Alors que Dauphine vient de boucler son article sur 24 heures dans la vie d’un restaurant dans le sillage de celui consacré à l’expo La Naissance des Grands Magasins (ouais, on aime bien les enchaînements d’articles en mode « Ma vie de rédacteur est une incroyable aventure intellectuelle »), je ne résiste pas à la tentation de rebondir sur le sujet en évoquant une œuvre que je considère comme un des ancêtres du rock spirit. J’ai nommé La vie parisienne d’Offenbach. Ouais, je sais, l’opérette, c’est pas exactement le pogo dans une salle pleine à craquer, mais t’inquiète, lecteur, même si il n’y a pas de gratte électrique dans la partition d’Offenbach, ça bouge quand même bien. Et surtout, ça grince des dents tout en nous faisant hurler de rire.

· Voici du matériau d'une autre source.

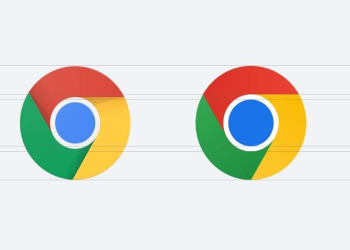 8 წლის შემდეგ პირველად, Google Chrome-მა ლოგო შეცვალა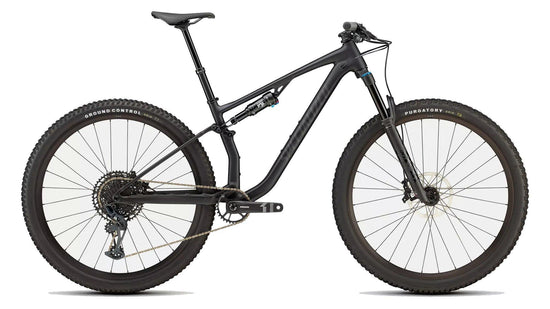 Chisel Comp EVO Mountain Bike - Black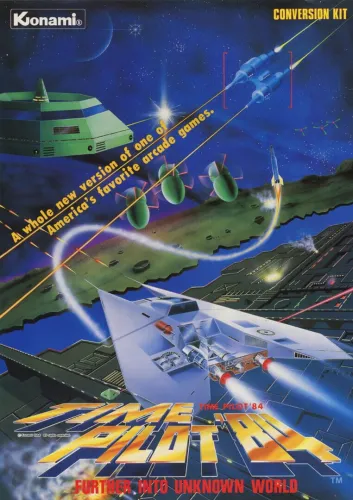 Portada de Time Pilot 84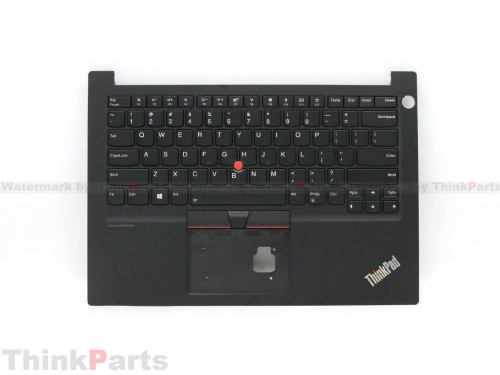 New/Original Lenovo ThinkPad E14 (20RA 20RB) Palmrest Keyboard Bezel US Backlit Upper Case 5M10V17039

Satire, clin d’œil, foutage de gueule
Posons le cadre, pour celles/ceux qui sont un peu à la ramasse question opérette. 1866, Paris, Second Empire : c’est là qu’Offenbach, maestro frénétiquement créatif et adepte de l’humour musical, balance La Vie parisienne sur scène. Dressons le tableau : robes du soir à crinoline, lustres en cristal, beaux messieurs en haut de forme qui sirotent du champagne en matant les petites femmes de Paris jouer de l’éventail et danser le cancan. Derrière tout ça, c’est du pur Offenbach : satire, clin d’œil, foutage de gueule.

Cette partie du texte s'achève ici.